Those words above could also apply to Jeff Hardy. I was never as big a fan of the Hardy Boys as I was of Lita, but there is still a lot of nostalgia and affection for Matt and Jeff than I’d care to admit. Their style of wrestling paved the way for so many people I love now, it’s hard to not have respect for them. Even if you don’t agree with his life choices I can’t imagine anyone not feeling a little bit uncomfortable watching him in TNA, knowing the demons he may still be battling outside of the ring.

I can’t say the same about Bully Ray. The man has become everything I absolutely despise about pro wrestling. He's sexist, unnecessarily violent, talks a lot about how he’s a “real man” and “hardcore,” and pushes the idea that in order to get over you have to do a bunch of crazy table bumps and blade and run through flaming barbed wire and whatever else. He talks about how much he loves real wrestling and for having been at TNA for so long it’s clear that he may not be the biggest fan of WWE and what Vince McMahon did to ECW, but when asked if he would go back to WWE if asked he outright states he’d run back like a tail between his legs and buries the company he works for now, that has given him a new name and a new audience who cheers for him. He is the man who pushes these other two to dangerous levels, but has become less than willing to do the same. Instead he preaches violence against women because one had the temerity to stand up to him and beat him at his own game.

These three men’s stories haven’t yet become intertwined, but things have come to a head this past week making the parallels among them important to note. Angle has wrested control of TNA away from MVP and Dixie Carter, because no one can run a wrestling company like a crazy white man.

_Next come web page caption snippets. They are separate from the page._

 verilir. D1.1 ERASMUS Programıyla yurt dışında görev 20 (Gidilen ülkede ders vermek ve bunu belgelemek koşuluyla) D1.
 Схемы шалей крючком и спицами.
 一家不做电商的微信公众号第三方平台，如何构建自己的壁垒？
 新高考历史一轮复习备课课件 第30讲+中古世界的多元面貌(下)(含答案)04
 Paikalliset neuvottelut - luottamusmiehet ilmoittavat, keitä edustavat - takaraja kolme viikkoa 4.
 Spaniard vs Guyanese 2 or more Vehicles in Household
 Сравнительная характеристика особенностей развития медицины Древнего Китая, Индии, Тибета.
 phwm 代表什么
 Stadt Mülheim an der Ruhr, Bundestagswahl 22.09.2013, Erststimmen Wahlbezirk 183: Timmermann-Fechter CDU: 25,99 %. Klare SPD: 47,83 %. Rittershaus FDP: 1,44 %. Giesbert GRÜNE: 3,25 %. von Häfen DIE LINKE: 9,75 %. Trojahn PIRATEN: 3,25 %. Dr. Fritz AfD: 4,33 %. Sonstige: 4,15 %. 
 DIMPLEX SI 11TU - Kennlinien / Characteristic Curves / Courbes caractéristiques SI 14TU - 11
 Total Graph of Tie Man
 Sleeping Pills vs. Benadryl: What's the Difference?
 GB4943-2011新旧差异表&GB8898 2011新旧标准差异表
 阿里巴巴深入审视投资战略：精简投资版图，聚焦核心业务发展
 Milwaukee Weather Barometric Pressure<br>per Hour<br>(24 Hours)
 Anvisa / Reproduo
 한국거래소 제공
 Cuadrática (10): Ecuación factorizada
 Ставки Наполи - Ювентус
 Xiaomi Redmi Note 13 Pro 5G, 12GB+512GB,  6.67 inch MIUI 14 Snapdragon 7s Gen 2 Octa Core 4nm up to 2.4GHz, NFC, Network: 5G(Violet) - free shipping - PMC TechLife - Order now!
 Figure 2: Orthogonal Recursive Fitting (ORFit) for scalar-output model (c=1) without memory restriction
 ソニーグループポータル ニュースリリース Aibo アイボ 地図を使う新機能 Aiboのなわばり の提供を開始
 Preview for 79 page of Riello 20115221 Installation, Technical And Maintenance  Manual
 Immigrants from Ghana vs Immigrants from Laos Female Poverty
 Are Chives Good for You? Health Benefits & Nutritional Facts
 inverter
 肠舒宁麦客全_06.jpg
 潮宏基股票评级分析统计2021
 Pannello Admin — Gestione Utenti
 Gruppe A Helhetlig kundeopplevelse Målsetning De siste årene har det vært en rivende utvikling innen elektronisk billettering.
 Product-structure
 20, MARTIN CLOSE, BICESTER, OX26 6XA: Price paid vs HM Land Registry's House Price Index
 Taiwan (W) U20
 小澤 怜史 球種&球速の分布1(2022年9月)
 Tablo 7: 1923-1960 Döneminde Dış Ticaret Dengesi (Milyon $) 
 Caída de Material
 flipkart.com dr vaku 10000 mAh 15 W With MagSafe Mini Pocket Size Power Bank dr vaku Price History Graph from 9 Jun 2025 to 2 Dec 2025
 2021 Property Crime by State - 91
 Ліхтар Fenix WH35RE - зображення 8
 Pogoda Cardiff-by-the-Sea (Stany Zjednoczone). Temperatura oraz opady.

Angle’s return as the Director Of Wrestling Operations promises some “big changes” for TNA, a “reboot” of sorts, bringing things back to when they were “good”. Hardy is still stuck in his Willow persona but a reckoning is upon us. Matt Hardy is returning and things cannot and will not stay as they are. And Bully Ray has enlisted the help of his buddy Tommy Dreamer to continue to threaten to put Carter through a table. ECW is gone and never coming back, absorbed forever by that New York promotion. Even the TNA of old is dead. We’re left with a roster full of aging wrestlers grasping at past glory and young wrestlers who will never get over with guys who really don’t even want to be there taking up spots.

The idea of legacy and nostalgia has become the crux of TNA ever since the beginning, every since they built a roster out of ex-WCW and WWE guys mixed in with young up-and-coming indie guys. Now they’ve reached the point where almost everyone who is with the company now has been with it for more than 3 years, and even the newcomers have ties to other legacies. Sanada is chastised for his ties to The Great Muta and whether he can live up to it, The Beautiful People are here to remember past glories, and even the newest stable The Menagerie is only here to get enough money to bring the “family business” back from the brink.

TNA’s legacy has become poison, a place you don’t come back from, where my favorite wrestler in the world has spent almost as much time doing moonsaults off of cages for near empty backlot soundstages as he has playing Madison Square Garden. Instead of reaching back into wrestling past, a past it had no hand in creating, TNA desperately needs to focus on creating something new, with new wrestlers. They need to become a place where legends meet their end metaphorically, not literally.